* **TASK ITEM**: Out of the material that follows, write out exactly the lines from the line with "春雨医生app最新版下载 v10.6.29安卓版" to the line with "Tough Chapter 241 - Page 4", both ends included, and no others.

###

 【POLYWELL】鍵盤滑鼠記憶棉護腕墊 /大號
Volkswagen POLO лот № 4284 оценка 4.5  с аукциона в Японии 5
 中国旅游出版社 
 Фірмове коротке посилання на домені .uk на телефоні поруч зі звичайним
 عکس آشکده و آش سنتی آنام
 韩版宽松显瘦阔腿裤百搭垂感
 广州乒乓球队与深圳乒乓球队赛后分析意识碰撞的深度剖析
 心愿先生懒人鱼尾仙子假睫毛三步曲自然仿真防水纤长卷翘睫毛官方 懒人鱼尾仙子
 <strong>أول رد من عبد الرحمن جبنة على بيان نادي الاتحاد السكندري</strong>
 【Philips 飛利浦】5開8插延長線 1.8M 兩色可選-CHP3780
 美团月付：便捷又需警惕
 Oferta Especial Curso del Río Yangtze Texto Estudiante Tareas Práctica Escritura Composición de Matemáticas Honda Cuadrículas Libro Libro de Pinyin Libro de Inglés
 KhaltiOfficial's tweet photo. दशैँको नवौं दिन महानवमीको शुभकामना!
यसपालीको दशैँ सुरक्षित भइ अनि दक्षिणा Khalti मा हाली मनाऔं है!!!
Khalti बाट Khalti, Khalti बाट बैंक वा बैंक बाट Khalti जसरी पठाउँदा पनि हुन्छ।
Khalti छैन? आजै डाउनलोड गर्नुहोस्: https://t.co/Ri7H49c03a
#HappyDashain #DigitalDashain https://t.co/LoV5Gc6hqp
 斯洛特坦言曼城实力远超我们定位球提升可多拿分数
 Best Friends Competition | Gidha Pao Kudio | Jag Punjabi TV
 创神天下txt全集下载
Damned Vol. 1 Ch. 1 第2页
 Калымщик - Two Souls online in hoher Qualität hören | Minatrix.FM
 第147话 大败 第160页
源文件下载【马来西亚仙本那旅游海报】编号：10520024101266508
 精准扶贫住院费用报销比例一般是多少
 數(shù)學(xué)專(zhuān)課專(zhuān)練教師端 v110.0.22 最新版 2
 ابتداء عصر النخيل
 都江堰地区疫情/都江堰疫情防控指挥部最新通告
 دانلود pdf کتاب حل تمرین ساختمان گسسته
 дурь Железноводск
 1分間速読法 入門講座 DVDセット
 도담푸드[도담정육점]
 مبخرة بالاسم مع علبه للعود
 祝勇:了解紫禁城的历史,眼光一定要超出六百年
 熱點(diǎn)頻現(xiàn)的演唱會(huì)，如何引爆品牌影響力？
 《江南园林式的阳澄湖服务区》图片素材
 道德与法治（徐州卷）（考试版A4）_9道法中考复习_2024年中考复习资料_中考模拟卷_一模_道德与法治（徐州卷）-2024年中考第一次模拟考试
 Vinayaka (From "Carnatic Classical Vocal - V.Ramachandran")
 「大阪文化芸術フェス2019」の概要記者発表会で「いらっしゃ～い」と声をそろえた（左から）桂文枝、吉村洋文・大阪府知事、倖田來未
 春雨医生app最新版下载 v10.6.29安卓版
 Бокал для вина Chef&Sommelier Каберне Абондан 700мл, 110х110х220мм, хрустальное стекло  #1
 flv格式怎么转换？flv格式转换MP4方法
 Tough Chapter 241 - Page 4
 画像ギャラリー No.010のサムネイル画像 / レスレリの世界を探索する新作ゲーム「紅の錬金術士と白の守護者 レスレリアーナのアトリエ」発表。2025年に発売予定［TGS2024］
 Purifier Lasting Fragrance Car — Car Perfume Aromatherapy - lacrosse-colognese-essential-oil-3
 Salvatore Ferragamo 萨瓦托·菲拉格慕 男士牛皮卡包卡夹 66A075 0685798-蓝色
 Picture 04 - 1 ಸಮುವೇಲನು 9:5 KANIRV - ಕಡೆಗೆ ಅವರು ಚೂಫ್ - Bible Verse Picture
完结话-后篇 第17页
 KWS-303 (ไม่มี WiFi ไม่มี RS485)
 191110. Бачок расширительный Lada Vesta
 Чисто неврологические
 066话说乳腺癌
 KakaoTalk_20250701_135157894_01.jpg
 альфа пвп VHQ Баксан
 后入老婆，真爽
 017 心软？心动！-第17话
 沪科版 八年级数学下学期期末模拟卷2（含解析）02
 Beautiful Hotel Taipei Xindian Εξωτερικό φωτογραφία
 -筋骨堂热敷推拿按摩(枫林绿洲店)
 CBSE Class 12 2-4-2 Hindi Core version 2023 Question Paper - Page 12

###

* **RESULT BELOW**:
 春雨医生app最新版下载 v10.6.29安卓版
 Бокал для вина Chef&Sommelier Каберне Абондан 700мл, 110х110х220мм, хрустальное стекло  #1
 flv格式怎么转换？flv格式转换MP4方法
 Tough Chapter 241 - Page 4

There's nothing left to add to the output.